THE United States dollar has risen rapidly against the Singapore dollar, up from $1.23 to $1.26 in the last two weeks alone.
Experts say the greenback's quickfire surge against a range of currencies, including Singapore's, reflects the booming US stock market as well as fresh hopes the Federal Reserve will soon slow its stimulus measures.
A stimulus slowdown will lift the US dollar, as it would mean the Fed printing less money and possibly hiking interest rates, thus making it more attractive to hold the greenback.
The greenback is now at a 10-month high against the Singdollar, and is tipped to gain more ground in the current quarter before easing slightly by year-end.

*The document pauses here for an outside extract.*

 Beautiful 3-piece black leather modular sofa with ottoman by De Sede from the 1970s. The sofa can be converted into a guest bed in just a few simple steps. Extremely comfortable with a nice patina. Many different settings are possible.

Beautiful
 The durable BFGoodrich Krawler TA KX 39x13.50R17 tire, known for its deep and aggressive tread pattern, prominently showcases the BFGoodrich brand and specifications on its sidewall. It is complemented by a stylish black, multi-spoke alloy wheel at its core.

"Improvement in US economic data has increased the expectation that the Fed could consider slowing down on the pace of bond purchases," said Phillip Futures investment analyst Lee Chen Hoay.
The Fed has been buying US$85 billion (S$106 billion) of bonds a month in a bid to inject cash into the system to kickstart the US economy. This loose monetary policy is called quantitative easing (QE).

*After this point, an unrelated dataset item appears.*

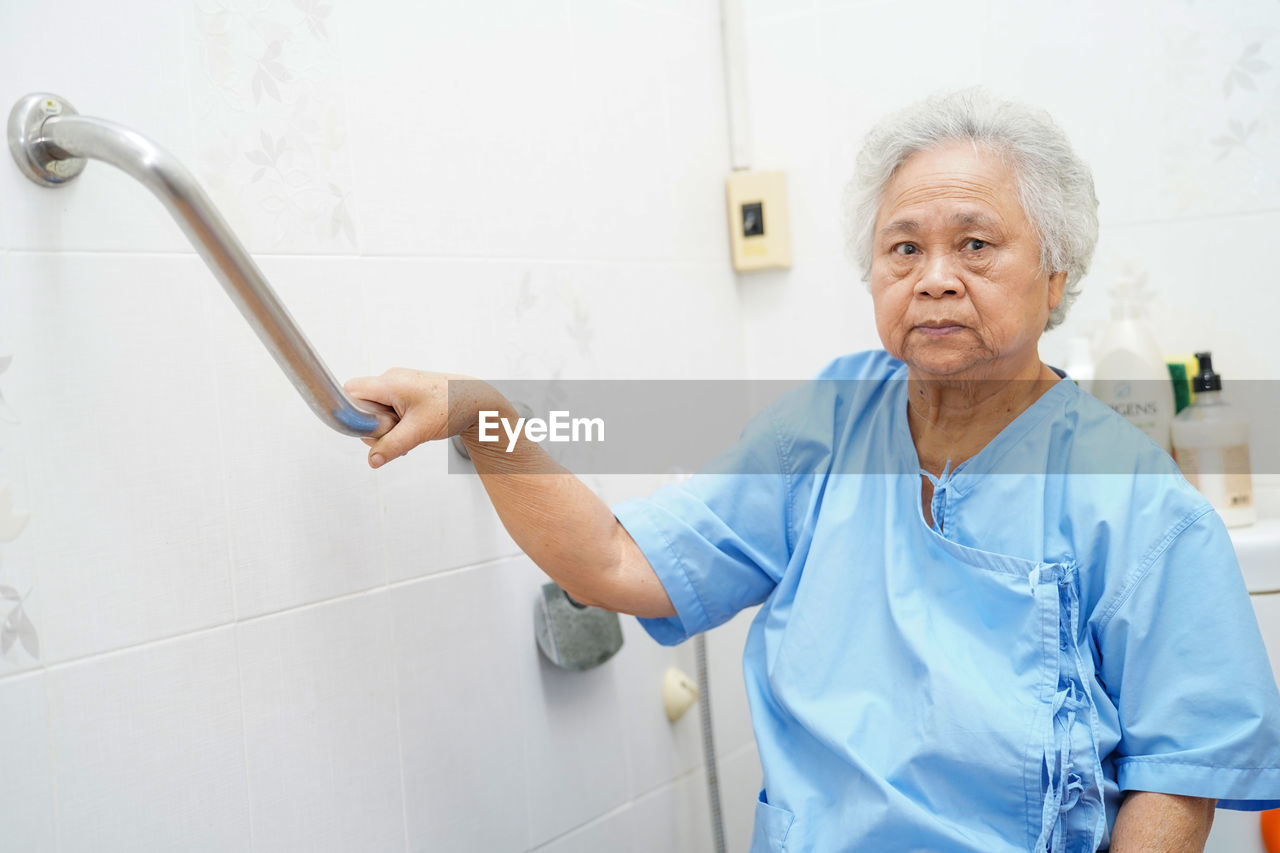 Portrait of senior female patient in bathroom at hospital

Mr Lee said this expectation of a slowdown in bond purchases has caused the US dollar to flex its muscles against major currencies including the Singdollar.

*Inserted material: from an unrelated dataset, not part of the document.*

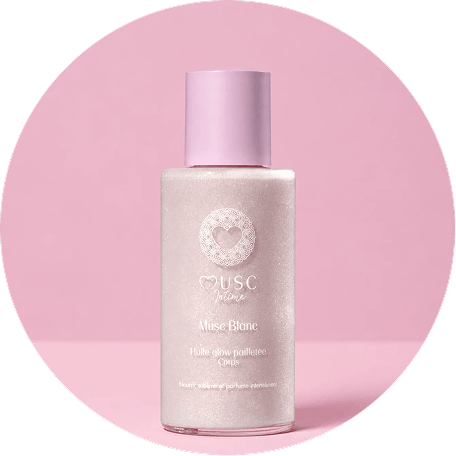 A bottle of shimmering white body oil with a pink cap, set against a circular pink background.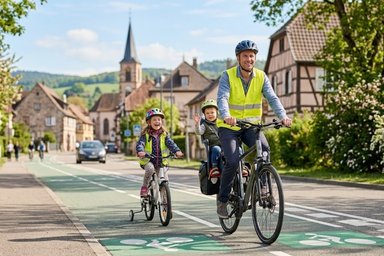 famille circulant à vélo sur une piste cyclable en respectant le code de la route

According to Bloomberg data, the greenback has appreciated from $1.2289 to the Singdollar on May 8 to $1.2611 yesterday.
Another factor for the greenback's rapid rise is the bull charge on Wall Street.
Mr Wu Mingze, a market specialist at online foreign exchange trading service provider Oanda, said: "The US dollar has been gaining ground against all major currencies due to the rapid rise in US stocks."
Earlier this month, the Dow Jones Industrial Average stock index crossed the 15,000-point mark for the first time and hit an all-time peak. The index is now around 15,400.
Fed chairman Ben Bernanke was due to address the US Congress last night. His comments would have been keenly monitored for signs of whether the pace of QE will be adjusted.
UOB noted: "We think the US dollar strength could very well surpass the 'gradual appreciation' of the Singdollar in the overall scheme of things."
Thus, it expects the greenback to hit $1.27 against the Singdollar by the end of next month before easing to $1.25 by the end of 2013.
While the Singdollar has weakened against the US dollar, it has gained ground on other key currencies such as Australia's dollar.
A robust US dollar benefits Singapore manufacturers such as electronics firm Aldon Technologies, which buys raw materials and sells its goods using it.
Managing director Allen Ang said: "It's good for us that the US dollar is gaining momentum, as we sell US dollars to fund our Singapore operations."
But a stronger US dollar would hurt the bottom lines of businesses here which buy their goods from there. Mr Lee said: "The higher import cost could see businesses passing the increase to the consumers by raising prices."